O caso do desaparecimento de Saeed Bakhouche na Argélia prova que sair de Guantánamo não significa o fim da tortura. Para muitos de nós, é simplesmente o próximo passo para o mesmo destino ou algo pior.
Vestidos com macacões laranja brilhantes, prisioneiros da Al Qaeda e do Talibã se lavam antes das orações do meio-dia no Campo X-Ray, onde estão detidos, na Base Naval dos Estados Unidos na Baía de Guantánamo, Cuba. [O crédito da foto deve ser J. SCOTT APPLEWHITE/AFP via Getty Images]

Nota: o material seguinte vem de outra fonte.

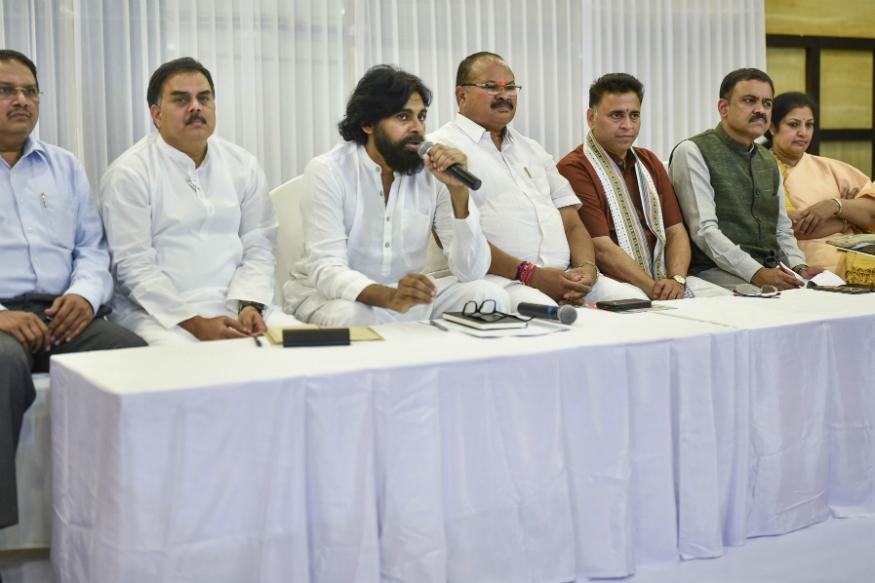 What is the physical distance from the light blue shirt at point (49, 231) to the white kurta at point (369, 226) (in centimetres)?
65

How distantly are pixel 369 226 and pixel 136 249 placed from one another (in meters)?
0.74

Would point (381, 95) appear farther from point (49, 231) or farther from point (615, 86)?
point (615, 86)

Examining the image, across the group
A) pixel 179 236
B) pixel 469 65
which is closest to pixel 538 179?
pixel 469 65

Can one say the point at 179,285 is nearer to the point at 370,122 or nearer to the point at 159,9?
the point at 370,122

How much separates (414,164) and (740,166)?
1724 mm

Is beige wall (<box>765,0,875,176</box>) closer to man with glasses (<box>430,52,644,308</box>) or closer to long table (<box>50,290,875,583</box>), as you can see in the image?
man with glasses (<box>430,52,644,308</box>)

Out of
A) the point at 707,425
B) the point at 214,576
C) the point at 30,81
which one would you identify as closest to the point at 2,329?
the point at 30,81

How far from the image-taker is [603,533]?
7.13 ft

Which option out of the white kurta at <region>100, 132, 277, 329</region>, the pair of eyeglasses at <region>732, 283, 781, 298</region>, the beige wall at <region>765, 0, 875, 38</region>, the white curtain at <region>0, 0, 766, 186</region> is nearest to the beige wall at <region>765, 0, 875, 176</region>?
the beige wall at <region>765, 0, 875, 38</region>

Saeed Bakhouche – que eu conheço como meu irmão ‘Saeed’, ou prisioneiro 685 – foi o último dos 26 argelinos em Guantánamo. Aqueles de nós libertados antes dele ficaram muito satisfeitos quando soubemos que ele foi finalmente repatriado em 20 de abril para seu país de origem, como um homem inocente.

Mas, em vez de desfrutar da alegria e da paz que o regresso a casa deveria trazer a um homem a quem foram tirados 21 anos de vida familiar, Saeed inacreditavelmente encontrou-se noutra prisão.

Desta vez, ele está em uma prisão fora da capital argelina, enfrentando novos interrogadores, sem representação legal e sem visitas familiares – uma situação pior do que Guantánamo. Já faz um mês.

Saeed foi interrogado e investigado por 21 anos supostamente pelas mais poderosas e eficazes agências policiais e de inteligência do mundo – e mesmo assim ele deixou Guantánamo sem acusação ou julgamento.

O que os argelinos poderiam descobrir depois de todo esse tempo que os americanos não pudessem?

O exagero legal combinado com a falta de responsabilidade até mesmo dos princípios básicos do devido processo tornaram-se um padrão familiar na ‘guerra contra o terror’. Este fato foi reconhecido pela ONU, mesmo que nada possa fazer a respeito.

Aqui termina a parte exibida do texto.